My body, mind, and soul all split in differing directions and thought patterns, never concluding, yet I reached for the dagger all the same. “Just a little blood?” I asked.
“A test.” The woman said, “I need to ensure you are pure.”
“I’m not.” I said bitterly.
She nodded her head toward my arm, “Let us see.”
Her eyes reflected the lights in the room. Her face was marked in soot, yet her beauty shown through. Large blue eyes stared at me beneath gold eyeshadow. Her braids danced with the candle light.
I could care less about my blood. I grabbed the handle and rested it on the palm of my hand. “How much?” I asked.
“Just a drop.” She pushed a small ceramic vestibule across the table. “In there if you please.”
I pressed the point of the blade on the palm of my hand. A sharp pain seared through my veins. I pulled back immediately, dropping the knife on the floor. Cursing, I looked over at the woman who wore a smirk. “What was on that knife?” I asked.
“Nothing, my dear. The blade is incredibly sharp. It is meant for delicate cuts. Now please,” She gestured toward the bowl, “your blood.”

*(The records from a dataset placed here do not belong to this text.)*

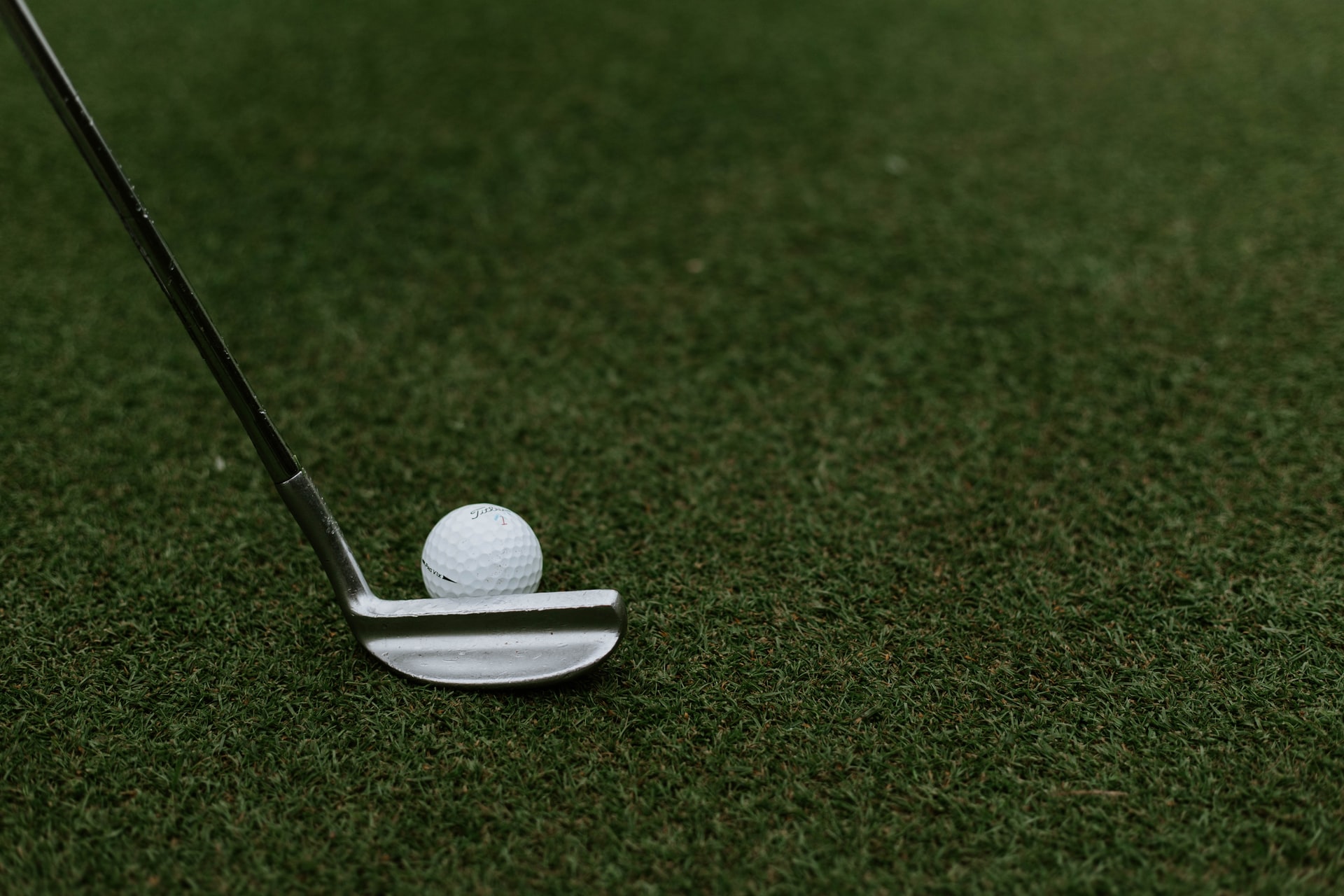 Close-up image of a golf club and ball at a sports facility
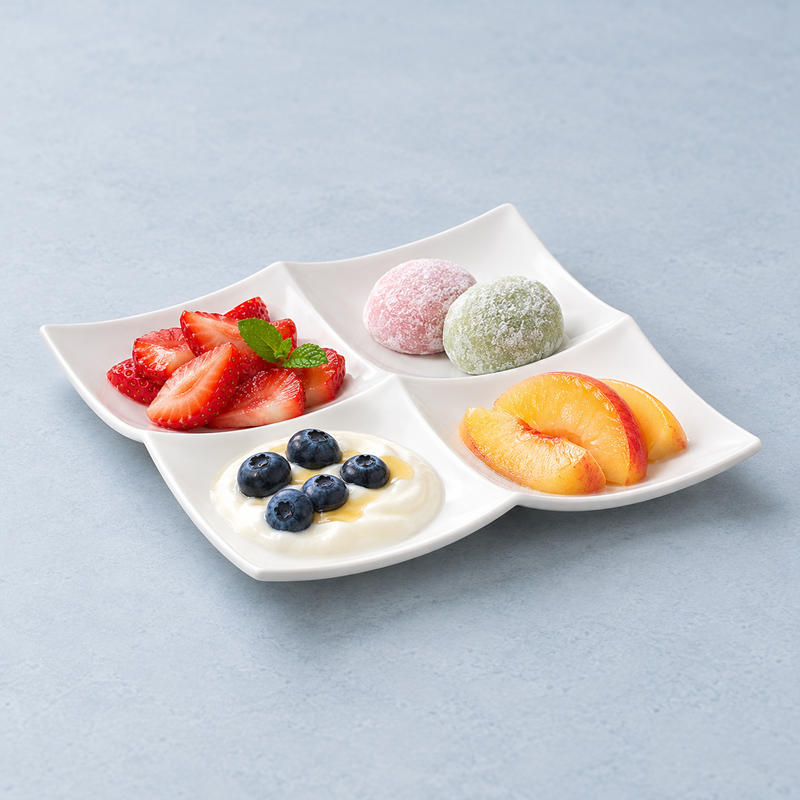 A4140 four-section plate with fruit, small round sweets and a creamy component topped with blueberries as a dessert suggestion.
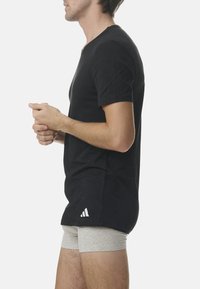 T-shirt nera in cotone con scollo a V, maniche corte e logo a tre strisce bianche vicino all'orlo. Pantaloni corti grigi sono parzialmente visibili sotto.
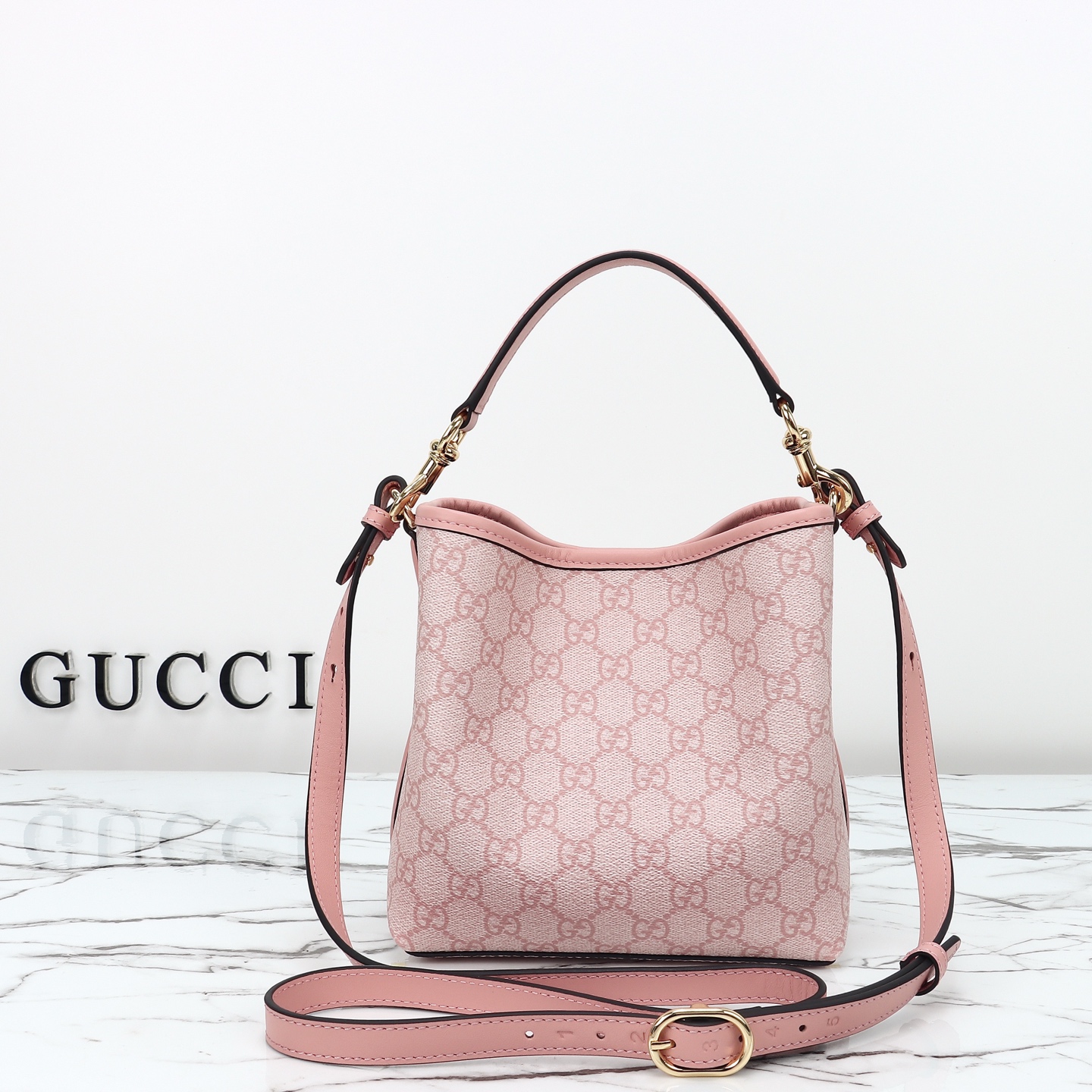 Gucci GG Emblem small bucket bag ‎815118 FAD6L 8459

My arm throbbed. My veins were on fire, but I grabbed my left arm with my hand and pulled it over the black bowl. Dried blood stains soaked the bottom already. I was not the first to do the bidding of this woman. I had second thoughts, but before I could pull back a drop splashed into the bowl and the wooden cards glowed in a dark-red color
“It seems you were right.” She said gazing at the bowl. “You are not what I am looking for.”
I should have felt relief, but anger bubbled within me. “What do you mean, I’m not what you are looking for? You just promised me beauty, and life, and everything. I cut myself, and now you say its bullshit?”
“My mistake; however, this does remain true.” She said inquisitively gazing at her runes.
“What?” I asked biting my tongue.
“You are marked for self-inflicted death. Your fate lies in your own hands. You are your own undoing, I’m afraid.” The woman spoke softly, but it was enough to cut through me.
“Fuck this.” I said kicking the chair away from me. I felt the air in the room grow heavy as all eyes were firmly fixed on me. “Keep your shitty dresses.” I yelled, ignoring the growing fear within me. I slammed through the door and hastened my step to the streets.
My phone exploded with texts from Claire and Jason, as well as meme from Sam. I stumbled toward the apartment. Looking behind me to see the neon sign of the fortune teller’s shut off.